Daily newspapers are struggling. We're all worried about readership, advertising, making our web presence profitable, attracting younger readers - the list of concerns doesn't stop. So once in a while it helps to be reminded of the great work that one newspaper reporter can do.

I had that pleasure last weekend, when I traveled to Colby College in Waterville, Maine, for the Elijah Parish Lovejoy convocation. Lovejoy, a Colby alum, was a crusading antebellum editor. He supported the abolition of slavery, and his unwillingness to back down from this unpopular position cost him his life.

Several times thugs destroyed his printing presses. The last time, on Nov. 7. 1837, in Alton, Ill., they set fire to the building and killed Lovejoy. He was buried on his 35th birthday.

Each year since 1952, his alma mater has honored a journalist in Lovejoy's name. On Sunday, at the 54th convocation, that journalist was Jerry Mitchell of the Clarion-Ledger in Jackson, Miss.

Mitchell is a 47-year-old investigative reporter who has spent much of the last 18 years pursuing justice in Mississippi. His work has resulted in the jailing of four Ku Klux Klansmen who were involved in some of the most horrific killings of the Civil Rights era. The four are the assassin of Medgar Evers; the man who ordered the firebombing that killed Vernon Dahmer, a leader of the NAACP; one of the church bombers who killed four girls in Birmingham, Ala.; and a man involved in the killings of civil rights workers James Chaney, Andrew Goodman and Michael Schwerner on the day after they arrived in Mississippi.

Mitchell has forced Mississippians to confront their past. Sometimes, he said on Sunday, this has had positive results beyond bringing criminals to justice. Many people who would have preferred to keep the truth in the dark have come around to see the convictions as cleansing and healing.

Certainly the victims' loved ones have found them so.

Mitchell's work is great shoe-leather journalism. Some of the stories he told about it reminded me of the journalism adage, "If your mother tells you she loves you, check it out." The alibi of Bobby Cherry, one of the Birmingham church bombers, was that he was home watching wrestling at the time the bomb was planted.

With the help of the Clarion-Ledgerlibrarian, Mitchell figured out that there was no wrestling on television in Birmingham at the time.

Mitchell has faced threats and survived frightening moments. Sometimes he has interviewed his subjects, alone, over barbecue or in their homes. The wife of one of them sent him off with a sandwich for the road. He decided not to eat it. These were men who, though now old, had killed people they perceived as enemies of white supremacy.

Why did these murderers talk to him? "Here's the unique truth you find,"Mitchell once told USA Today. "People all want to tell their stories. And you appeal to that."

After Mitchell's speech at the Lovejoy convocation, an audience member asked him where he got the courage to pursue these stories.

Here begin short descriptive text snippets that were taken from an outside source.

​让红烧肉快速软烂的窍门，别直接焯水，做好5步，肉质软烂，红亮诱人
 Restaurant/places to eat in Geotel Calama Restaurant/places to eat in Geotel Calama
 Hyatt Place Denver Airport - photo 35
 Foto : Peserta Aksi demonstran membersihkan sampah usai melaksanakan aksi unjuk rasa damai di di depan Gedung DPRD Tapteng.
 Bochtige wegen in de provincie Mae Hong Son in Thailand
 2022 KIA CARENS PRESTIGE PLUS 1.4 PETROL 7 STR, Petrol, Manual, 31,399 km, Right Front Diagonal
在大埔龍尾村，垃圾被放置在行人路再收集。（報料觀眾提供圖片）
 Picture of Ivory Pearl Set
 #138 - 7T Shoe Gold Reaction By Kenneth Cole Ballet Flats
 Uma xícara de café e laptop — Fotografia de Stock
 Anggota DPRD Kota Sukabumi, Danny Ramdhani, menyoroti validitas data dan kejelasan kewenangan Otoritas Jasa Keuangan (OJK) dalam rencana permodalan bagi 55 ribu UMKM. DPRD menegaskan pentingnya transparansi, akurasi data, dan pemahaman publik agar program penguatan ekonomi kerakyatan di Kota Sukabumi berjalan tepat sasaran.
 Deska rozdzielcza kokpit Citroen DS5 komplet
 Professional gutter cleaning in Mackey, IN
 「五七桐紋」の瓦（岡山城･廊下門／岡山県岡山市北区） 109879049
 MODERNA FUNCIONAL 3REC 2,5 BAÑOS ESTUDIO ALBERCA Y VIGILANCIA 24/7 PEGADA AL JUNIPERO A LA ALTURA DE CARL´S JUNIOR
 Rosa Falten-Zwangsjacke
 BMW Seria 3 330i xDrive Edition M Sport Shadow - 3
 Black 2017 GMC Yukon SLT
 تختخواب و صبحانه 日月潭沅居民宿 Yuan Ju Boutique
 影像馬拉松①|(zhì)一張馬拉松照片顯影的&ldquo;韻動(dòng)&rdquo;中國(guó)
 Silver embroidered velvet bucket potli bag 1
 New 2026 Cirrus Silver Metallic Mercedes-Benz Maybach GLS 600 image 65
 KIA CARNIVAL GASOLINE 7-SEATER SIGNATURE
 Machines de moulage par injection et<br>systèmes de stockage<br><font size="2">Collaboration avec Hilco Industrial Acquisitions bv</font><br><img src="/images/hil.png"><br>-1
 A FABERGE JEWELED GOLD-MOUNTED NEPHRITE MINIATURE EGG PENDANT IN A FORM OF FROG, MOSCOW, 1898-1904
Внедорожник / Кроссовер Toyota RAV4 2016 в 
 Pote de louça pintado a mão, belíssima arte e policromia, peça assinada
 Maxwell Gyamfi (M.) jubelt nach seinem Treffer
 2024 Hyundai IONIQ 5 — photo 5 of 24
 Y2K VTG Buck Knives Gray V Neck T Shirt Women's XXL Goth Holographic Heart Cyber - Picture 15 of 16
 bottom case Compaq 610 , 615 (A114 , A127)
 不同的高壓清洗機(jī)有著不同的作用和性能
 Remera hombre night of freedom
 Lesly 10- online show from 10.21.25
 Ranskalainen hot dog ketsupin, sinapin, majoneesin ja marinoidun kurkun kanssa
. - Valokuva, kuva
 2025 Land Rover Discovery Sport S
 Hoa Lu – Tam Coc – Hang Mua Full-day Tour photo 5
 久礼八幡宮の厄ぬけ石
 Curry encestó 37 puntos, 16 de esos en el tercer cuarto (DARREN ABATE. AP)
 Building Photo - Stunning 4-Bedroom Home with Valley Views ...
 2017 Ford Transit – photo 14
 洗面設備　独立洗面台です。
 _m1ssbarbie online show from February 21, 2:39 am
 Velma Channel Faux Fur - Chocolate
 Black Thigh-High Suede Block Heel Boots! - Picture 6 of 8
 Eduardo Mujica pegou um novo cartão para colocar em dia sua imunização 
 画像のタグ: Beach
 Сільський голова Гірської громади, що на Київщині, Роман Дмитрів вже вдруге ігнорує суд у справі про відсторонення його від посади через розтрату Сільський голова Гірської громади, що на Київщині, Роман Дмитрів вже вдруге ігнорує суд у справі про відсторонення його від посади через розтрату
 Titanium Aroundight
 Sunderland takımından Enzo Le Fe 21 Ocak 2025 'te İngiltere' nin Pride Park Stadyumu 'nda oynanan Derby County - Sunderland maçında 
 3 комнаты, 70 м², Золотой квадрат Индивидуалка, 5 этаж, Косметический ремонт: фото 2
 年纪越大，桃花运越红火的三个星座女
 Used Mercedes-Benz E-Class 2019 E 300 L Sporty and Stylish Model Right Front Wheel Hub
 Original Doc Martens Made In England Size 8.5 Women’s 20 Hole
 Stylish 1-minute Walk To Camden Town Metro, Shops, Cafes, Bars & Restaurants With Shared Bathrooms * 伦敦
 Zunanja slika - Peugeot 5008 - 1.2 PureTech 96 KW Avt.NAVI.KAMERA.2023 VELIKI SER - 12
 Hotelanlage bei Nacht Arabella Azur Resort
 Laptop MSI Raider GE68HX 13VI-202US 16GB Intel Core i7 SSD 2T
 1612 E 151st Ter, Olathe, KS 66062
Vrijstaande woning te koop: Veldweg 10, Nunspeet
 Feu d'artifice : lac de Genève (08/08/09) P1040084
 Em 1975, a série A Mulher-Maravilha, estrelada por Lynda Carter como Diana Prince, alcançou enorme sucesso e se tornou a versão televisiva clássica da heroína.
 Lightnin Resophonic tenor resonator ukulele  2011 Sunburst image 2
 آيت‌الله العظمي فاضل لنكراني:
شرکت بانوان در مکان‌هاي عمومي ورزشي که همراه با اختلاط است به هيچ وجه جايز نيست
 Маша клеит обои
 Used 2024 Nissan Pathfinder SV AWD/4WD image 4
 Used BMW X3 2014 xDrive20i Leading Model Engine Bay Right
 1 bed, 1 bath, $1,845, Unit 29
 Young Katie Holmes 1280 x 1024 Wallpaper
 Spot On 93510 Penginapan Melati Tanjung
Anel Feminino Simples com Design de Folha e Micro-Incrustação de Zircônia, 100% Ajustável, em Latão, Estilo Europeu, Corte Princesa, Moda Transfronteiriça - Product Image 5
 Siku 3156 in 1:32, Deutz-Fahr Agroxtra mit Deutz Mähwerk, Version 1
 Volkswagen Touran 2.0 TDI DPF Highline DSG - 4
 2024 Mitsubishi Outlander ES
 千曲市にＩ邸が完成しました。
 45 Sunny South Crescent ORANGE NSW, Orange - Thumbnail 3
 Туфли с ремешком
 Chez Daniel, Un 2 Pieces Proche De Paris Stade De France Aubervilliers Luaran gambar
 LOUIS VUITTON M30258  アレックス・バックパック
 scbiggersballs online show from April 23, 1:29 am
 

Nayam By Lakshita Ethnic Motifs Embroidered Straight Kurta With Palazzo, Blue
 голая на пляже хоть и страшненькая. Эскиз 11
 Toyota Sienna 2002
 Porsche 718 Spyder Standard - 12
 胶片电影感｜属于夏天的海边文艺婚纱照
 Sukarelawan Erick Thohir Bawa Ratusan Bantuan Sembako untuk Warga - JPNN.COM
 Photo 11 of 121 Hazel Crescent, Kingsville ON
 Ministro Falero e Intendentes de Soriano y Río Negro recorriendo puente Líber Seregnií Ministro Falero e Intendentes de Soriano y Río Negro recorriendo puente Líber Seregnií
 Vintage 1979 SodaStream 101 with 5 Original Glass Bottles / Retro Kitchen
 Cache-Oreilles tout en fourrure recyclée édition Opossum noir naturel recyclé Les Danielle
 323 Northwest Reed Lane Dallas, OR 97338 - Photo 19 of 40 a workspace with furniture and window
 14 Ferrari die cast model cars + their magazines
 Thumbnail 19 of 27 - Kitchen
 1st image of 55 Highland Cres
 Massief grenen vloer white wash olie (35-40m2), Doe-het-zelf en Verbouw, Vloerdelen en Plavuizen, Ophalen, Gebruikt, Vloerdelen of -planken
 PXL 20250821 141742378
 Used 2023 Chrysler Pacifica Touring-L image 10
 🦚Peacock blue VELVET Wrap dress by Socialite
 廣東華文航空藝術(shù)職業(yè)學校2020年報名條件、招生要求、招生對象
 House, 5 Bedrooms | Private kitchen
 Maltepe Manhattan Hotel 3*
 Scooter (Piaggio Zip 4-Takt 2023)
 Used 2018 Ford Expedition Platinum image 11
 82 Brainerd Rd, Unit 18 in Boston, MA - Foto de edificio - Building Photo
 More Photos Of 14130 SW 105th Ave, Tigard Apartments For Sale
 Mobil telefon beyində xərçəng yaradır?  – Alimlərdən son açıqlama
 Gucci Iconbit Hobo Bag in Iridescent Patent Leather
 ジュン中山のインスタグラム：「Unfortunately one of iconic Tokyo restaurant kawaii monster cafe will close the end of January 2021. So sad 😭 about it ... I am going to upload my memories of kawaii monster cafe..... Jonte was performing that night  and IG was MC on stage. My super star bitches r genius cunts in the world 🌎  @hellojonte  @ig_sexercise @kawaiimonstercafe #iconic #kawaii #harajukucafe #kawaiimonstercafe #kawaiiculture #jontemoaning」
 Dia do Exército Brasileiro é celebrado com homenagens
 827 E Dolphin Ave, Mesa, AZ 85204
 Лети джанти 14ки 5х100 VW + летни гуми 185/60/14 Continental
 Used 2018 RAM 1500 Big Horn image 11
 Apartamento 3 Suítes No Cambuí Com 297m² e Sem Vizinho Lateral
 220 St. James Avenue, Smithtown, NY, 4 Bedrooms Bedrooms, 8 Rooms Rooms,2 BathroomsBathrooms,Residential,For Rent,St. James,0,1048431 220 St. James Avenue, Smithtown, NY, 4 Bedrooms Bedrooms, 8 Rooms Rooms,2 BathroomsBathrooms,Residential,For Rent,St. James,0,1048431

Faith was part of his answer. He also acknowledged that he had had to come to grips with this question when he received a death threat very early in his career as a civil rights reporter. He said he decided that worse things could happen in the world than for him to die pursuing this mission.

I asked Mitchell's mother if she had observed anything during his childhood that led her to think he would be chasing down old civil rights killers as a reporter. She chuckled and said no, not really. Then she added that for her son -"Boo," she called him, using his nickname - the issue was not so much racial equality as it was injustice.

Boo, she said, could never stand to see people get away with things.